2. 5G(第5世代移動通信システム)投資促進税制【減】
 超高速・大容量通信を実現する全国5G基地局の前倒し整備及びローカル5Gの整備に係る一定の投資について、税額控除(15%)と特別償却(30%)との選択適用ができることとなります。
 「特定高度情報通信等システムの普及の促進に関する法律」(仮称)の施行の日から2022年3月31日までの間に、取得・事業の用に供した場合に適用されます。

3. 連結納税制度の見直し
 連結納税制度について、企業グループ全体を一つの納税単位とする現行制度に代えて、企業グループ内の各法人を納税単位としつつ、損益通算等の調整を行う仕組みとなります。(グループ通算制度への移行)
 地方税においては、現行の基本的な枠組みを維持しつつ、国税の見直しに併せて所要の措置を講じるようです。
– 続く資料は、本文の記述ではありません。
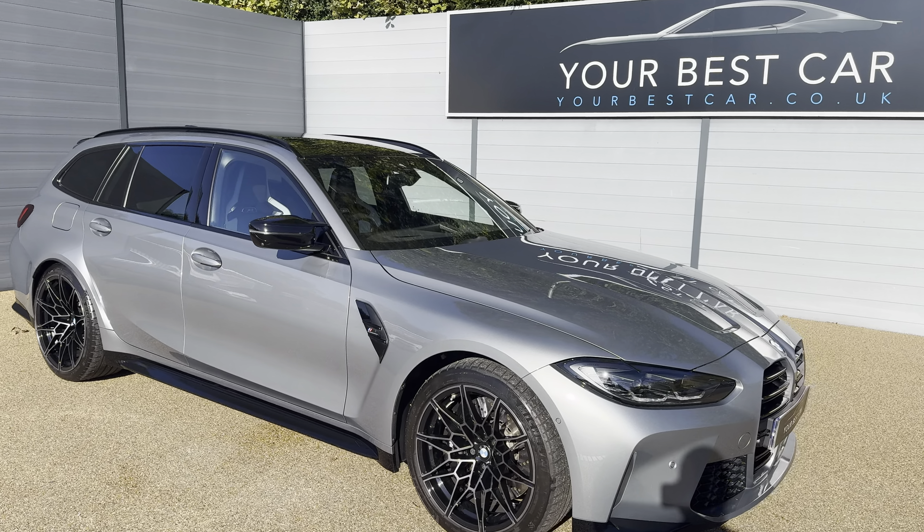You also get the black window surrounds, black roof rails, and black wing mirror covers — all the black accents around the car as well. It is a fantastic-looking car. We'll go straight on to the interior.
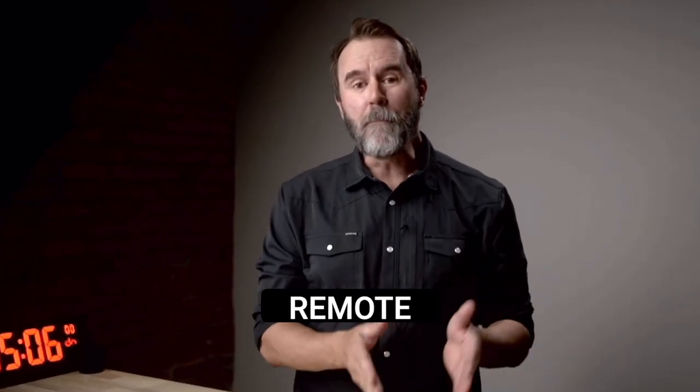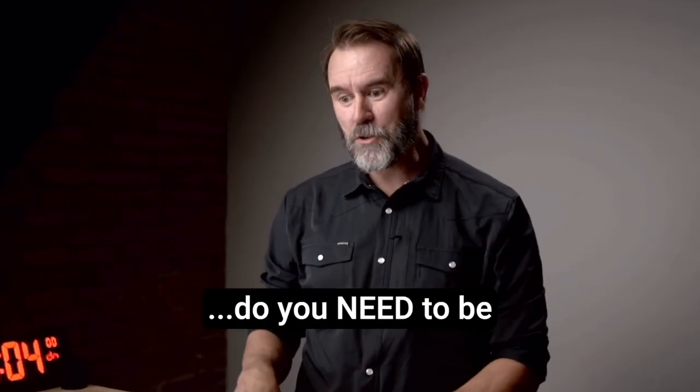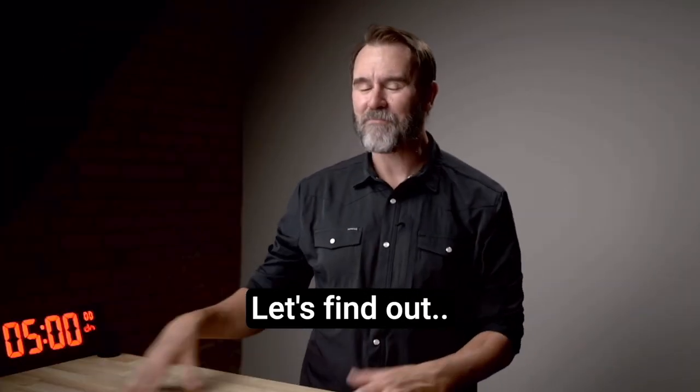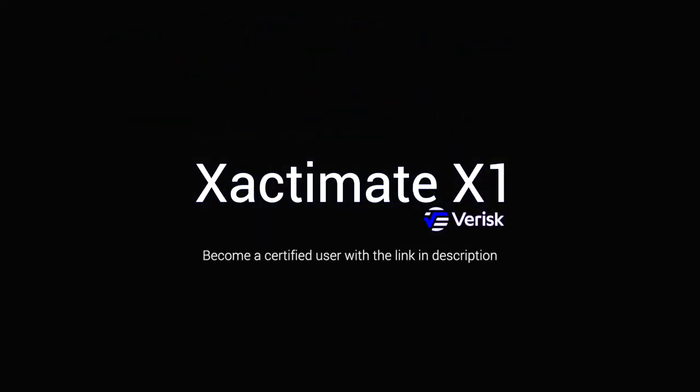In this video, learn how to become a remote desk adjuster — do you need to be a field adjuster first? Let's find out. This is Adjuster TV. This video is sponsored by Exactimate Training, the creators of Exactimate X1 and Exactimate Mobile. Get certified as an Exactimate expert right now at the link in the description below.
   グループ通算制度は、2022年4月1日以後に開始する事業年度から適用されます。

4. 地方創世応援税制(企業版ふるさと納税)の見直し【減】
 地方創世応援税制(企業版ふるさと納税)について、手続きの抜本的な簡素化・迅速化を図るほか、税額控除割合を現行の3割から6割に引き上げられることとなります。
 2020年4月1日から2025年3月31日までに支出する寄附金について適用されます。

5. 中小企業等の支援
 交際費の損金不算入制度について、その適用期限を2年延長するとともに、中小法人に係る損金算入の特例の適用期限も2年延長されます。

6. その他の租税特別措置等
 中小企業者等の少額減価償却資産の取得価額の損金算入の特例について、適用期限が2年延長されます。

【消費課税】

1. 法人に係る消費税の申告期限の特例の創設化
 法人税の申告期限の延長の特例の適用を受ける法人について、消費税の申告期限を1月延長する特例が創設されます。

   2021年3月31日以後に終了する事業年度の末日の属する課税期間から適用されます。

2. 居住用賃貸建物の取得に係る消費税の仕入れ税額控除の適正化【増】
 住宅の貸付けの用に供しないことが明らかな建物以外の建物であって高額特定資産に該当するものの課税仕入れについては、仕入税額控除制度の適用を認めないこととなります。ただし、居住用賃貸建物のうち、住宅の貸付けの用に供しないことが明らかな部分については、引き続き仕入税額控除制度の対象となります。
 ※高額特定資産:一の取引の単位につき、課税仕入れに係る支払対価の額(税抜
き)が1,000万円以上の棚卸資産又は調整対象固定資産
 2020年10月1日以後に仕入れを行った居住用賃貸建物に適用されます。
ただし、2020年3月31日までに締結した契約に基づき仕入れを行った居住用賃貸建物には適用されません。

 以上、概要をご紹介させていただきました。